INPUT DATA below:
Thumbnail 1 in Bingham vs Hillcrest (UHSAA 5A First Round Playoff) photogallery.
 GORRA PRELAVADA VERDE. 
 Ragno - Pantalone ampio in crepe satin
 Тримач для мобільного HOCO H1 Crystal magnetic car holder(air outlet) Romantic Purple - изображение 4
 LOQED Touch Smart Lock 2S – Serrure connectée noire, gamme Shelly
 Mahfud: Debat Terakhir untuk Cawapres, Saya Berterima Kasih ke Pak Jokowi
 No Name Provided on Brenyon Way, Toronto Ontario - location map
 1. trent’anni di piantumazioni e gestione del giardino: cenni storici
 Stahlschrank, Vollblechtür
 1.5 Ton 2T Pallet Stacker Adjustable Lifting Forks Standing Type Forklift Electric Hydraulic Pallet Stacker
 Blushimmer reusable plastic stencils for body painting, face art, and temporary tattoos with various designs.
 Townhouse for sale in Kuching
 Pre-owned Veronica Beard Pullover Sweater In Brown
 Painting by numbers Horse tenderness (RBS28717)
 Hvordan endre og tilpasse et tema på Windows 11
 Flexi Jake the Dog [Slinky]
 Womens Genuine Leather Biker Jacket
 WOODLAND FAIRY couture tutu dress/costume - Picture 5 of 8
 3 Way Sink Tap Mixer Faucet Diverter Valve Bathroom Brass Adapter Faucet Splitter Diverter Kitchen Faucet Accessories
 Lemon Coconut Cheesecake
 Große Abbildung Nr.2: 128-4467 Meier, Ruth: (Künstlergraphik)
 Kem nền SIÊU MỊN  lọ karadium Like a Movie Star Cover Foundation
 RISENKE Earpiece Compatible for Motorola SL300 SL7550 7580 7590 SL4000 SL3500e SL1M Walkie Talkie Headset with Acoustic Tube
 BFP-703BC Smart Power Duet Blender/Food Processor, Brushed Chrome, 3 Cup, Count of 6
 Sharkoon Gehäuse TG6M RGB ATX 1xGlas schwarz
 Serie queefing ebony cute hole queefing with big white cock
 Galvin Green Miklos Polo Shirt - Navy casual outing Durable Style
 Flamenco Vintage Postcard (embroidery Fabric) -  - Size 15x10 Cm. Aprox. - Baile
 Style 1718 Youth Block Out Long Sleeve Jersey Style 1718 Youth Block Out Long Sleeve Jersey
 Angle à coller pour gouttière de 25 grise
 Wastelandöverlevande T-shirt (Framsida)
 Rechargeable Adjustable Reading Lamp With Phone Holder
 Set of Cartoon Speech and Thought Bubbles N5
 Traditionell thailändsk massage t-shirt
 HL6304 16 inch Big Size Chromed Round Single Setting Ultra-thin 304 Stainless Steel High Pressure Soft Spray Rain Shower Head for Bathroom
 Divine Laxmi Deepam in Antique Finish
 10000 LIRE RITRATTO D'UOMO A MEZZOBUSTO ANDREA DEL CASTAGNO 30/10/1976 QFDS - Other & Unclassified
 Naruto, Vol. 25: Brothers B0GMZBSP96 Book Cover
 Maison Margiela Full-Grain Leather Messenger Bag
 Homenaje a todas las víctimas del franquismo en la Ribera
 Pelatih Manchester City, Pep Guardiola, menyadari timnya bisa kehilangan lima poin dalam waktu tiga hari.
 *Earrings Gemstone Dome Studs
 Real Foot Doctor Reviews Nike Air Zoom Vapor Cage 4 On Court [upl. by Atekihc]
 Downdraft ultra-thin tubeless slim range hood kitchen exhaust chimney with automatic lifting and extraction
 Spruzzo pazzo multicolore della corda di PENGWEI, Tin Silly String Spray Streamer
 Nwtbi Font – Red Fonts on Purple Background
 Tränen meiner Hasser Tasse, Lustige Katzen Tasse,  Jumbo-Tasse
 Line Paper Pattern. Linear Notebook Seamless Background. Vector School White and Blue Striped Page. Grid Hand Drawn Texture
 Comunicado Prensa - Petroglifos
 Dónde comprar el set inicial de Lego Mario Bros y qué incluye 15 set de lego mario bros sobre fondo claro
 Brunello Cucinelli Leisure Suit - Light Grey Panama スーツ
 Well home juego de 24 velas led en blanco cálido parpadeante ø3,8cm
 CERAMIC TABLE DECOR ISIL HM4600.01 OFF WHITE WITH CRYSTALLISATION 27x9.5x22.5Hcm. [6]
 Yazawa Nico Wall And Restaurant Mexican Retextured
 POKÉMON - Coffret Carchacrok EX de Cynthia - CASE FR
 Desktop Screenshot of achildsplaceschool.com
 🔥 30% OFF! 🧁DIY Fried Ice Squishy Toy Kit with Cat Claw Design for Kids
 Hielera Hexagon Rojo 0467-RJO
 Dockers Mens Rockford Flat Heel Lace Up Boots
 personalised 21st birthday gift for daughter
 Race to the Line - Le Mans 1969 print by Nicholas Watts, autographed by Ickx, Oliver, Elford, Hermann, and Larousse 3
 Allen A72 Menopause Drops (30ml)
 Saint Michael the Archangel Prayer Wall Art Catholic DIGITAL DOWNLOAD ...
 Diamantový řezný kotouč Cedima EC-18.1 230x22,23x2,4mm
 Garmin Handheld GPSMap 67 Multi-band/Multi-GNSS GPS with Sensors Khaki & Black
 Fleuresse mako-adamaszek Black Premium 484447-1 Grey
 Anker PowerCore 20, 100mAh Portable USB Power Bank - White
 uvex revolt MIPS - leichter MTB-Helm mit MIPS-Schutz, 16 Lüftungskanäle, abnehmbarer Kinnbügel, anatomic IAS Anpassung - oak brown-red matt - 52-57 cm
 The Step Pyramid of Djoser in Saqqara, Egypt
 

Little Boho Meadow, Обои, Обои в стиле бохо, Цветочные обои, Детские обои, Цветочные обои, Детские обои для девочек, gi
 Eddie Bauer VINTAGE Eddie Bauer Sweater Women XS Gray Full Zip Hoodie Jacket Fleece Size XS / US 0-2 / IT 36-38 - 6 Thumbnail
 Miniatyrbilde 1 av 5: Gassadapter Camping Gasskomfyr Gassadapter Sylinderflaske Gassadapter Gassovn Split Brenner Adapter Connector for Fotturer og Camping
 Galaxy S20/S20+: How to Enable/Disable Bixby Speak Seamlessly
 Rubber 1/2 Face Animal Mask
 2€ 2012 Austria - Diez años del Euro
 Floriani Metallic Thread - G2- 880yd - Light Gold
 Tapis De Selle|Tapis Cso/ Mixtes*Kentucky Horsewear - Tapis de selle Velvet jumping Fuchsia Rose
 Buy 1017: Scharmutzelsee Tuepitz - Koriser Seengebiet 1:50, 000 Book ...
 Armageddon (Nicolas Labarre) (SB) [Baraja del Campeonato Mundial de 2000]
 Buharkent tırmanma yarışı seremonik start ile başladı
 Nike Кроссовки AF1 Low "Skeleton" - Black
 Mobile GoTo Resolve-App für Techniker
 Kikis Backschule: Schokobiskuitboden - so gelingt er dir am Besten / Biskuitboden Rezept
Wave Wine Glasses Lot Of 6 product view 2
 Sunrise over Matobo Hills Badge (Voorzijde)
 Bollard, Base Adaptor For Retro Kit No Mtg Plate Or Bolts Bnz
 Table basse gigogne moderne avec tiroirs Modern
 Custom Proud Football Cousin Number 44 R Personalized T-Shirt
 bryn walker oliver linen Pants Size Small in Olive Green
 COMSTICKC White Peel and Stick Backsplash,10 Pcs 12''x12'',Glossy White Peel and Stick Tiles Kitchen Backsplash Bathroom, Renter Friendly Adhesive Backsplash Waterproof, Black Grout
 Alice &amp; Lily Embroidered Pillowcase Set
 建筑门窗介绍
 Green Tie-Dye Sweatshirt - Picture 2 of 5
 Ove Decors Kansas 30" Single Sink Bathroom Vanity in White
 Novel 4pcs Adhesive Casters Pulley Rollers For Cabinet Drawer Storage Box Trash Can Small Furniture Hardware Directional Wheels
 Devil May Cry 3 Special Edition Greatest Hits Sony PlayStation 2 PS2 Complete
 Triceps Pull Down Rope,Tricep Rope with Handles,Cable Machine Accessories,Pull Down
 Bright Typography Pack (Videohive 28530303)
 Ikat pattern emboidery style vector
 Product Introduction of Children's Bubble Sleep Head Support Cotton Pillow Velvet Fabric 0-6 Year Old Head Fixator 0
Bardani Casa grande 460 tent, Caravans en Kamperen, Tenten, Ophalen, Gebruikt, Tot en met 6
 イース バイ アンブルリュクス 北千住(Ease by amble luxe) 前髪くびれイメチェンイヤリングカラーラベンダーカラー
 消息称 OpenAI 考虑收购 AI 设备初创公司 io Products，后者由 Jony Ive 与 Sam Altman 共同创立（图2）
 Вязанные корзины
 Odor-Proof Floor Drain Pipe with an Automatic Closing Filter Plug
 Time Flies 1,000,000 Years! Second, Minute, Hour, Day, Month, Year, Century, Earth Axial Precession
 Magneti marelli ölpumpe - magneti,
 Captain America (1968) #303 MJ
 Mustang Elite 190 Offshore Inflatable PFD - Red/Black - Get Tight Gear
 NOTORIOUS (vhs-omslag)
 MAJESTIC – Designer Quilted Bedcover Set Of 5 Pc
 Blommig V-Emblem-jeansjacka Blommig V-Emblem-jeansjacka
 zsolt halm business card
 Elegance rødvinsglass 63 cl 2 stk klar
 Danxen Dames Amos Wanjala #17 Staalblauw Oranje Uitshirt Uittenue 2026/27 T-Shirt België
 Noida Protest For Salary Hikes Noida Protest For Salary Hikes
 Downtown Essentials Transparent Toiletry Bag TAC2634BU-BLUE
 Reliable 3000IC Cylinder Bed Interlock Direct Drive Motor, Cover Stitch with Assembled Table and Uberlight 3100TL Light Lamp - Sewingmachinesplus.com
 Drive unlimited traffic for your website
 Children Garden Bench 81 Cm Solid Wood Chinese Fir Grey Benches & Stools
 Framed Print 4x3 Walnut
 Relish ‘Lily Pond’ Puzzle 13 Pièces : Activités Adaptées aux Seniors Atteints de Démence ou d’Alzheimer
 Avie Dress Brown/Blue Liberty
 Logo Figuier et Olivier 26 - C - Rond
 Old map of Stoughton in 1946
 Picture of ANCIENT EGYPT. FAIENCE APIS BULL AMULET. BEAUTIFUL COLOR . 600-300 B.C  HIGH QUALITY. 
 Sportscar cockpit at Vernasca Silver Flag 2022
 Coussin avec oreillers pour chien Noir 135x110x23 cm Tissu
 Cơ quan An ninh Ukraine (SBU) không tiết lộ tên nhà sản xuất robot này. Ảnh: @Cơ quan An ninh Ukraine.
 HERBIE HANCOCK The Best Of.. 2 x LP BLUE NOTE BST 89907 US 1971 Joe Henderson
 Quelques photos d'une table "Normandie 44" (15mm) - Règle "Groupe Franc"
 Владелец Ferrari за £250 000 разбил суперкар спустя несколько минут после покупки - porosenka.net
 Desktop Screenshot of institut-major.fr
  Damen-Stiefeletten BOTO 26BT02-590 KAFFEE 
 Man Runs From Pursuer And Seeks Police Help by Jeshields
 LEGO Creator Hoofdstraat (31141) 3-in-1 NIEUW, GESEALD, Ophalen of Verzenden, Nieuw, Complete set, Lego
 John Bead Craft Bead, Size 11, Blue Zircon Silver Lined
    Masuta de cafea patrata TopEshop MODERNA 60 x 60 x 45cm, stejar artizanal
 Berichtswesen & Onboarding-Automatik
End of INPUT DATA.
Leave out every line above except those from the line with "Tränen meiner Hasser" up to and including the line with "POKÉMON - Coffret", and copy those exactly.

• SOLUTION:
 Tränen meiner Hasser Tasse, Lustige Katzen Tasse,  Jumbo-Tasse
 Line Paper Pattern. Linear Notebook Seamless Background. Vector School White and Blue Striped Page. Grid Hand Drawn Texture
 Comunicado Prensa - Petroglifos
 Dónde comprar el set inicial de Lego Mario Bros y qué incluye 15 set de lego mario bros sobre fondo claro
 Brunello Cucinelli Leisure Suit - Light Grey Panama スーツ
 Well home juego de 24 velas led en blanco cálido parpadeante ø3,8cm
 CERAMIC TABLE DECOR ISIL HM4600.01 OFF WHITE WITH CRYSTALLISATION 27x9.5x22.5Hcm. [6]
 Yazawa Nico Wall And Restaurant Mexican Retextured
 POKÉMON - Coffret Carchacrok EX de Cynthia - CASE FR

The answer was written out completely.